EXERCISE AIM:
Transcribe exactly, and only, the lines that fall between the line containing "2505 Meadowwood Circle, Guntersville, AL" and the last line of the material, both ends included, omitting any pictures.

DATA PROVIDED:
+++++

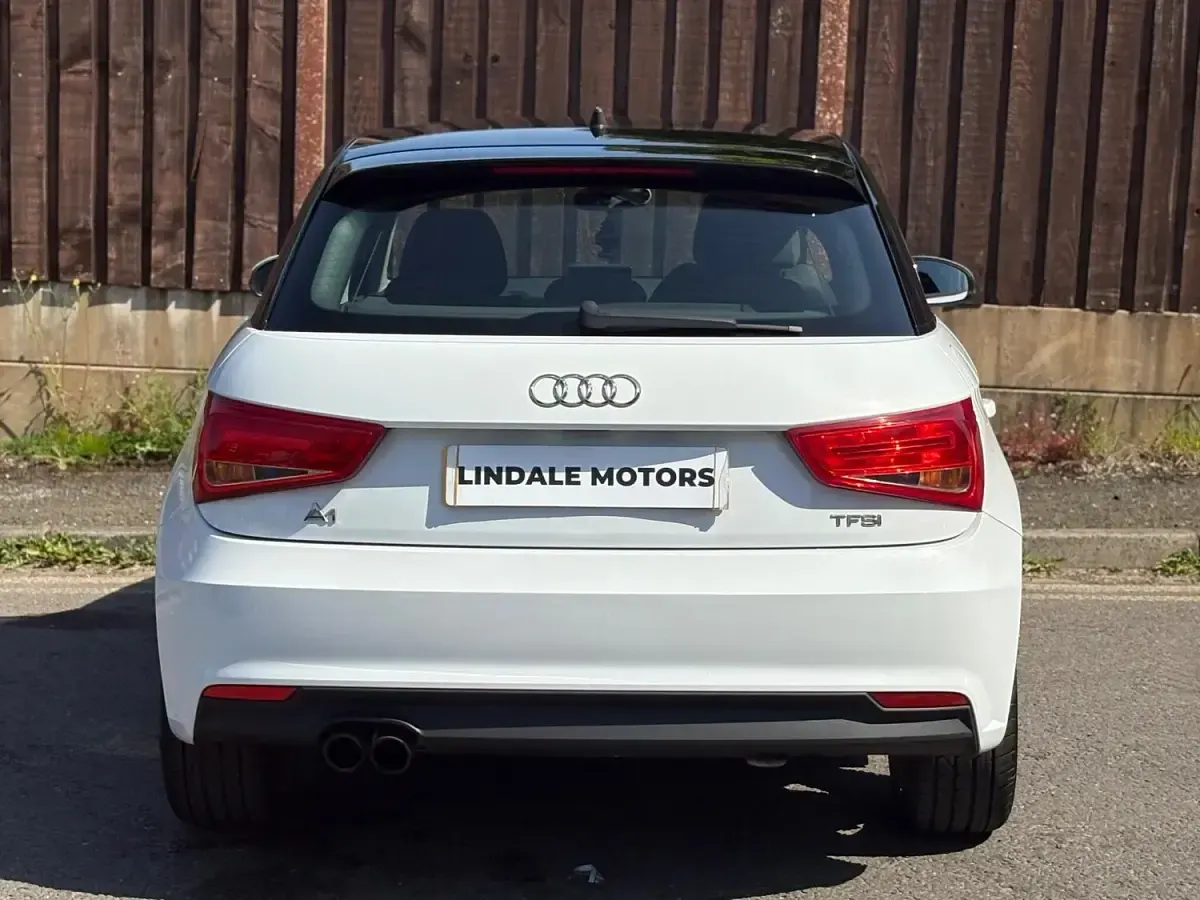 Used Audi A1 Sportback Sport 125 HP (91 kW) 2015 White Hatchback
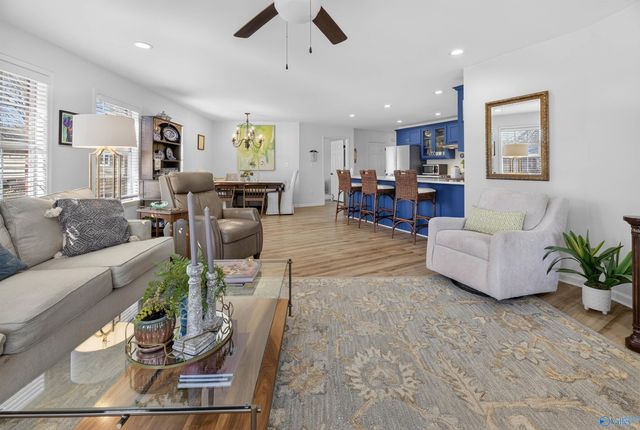 2505 Meadowwood Circle, Guntersville, AL 35976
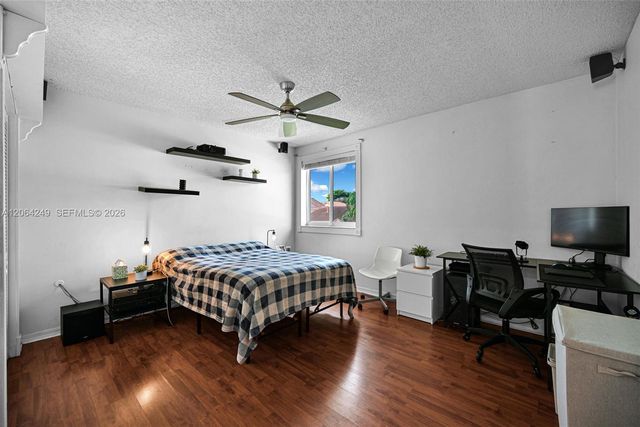 10877 SW 152nd Place, Miami, FL 33196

+++++

YOUR RESPONSE:
 2505 Meadowwood Circle, Guntersville, AL 35976
 10877 SW 152nd Place, Miami, FL 33196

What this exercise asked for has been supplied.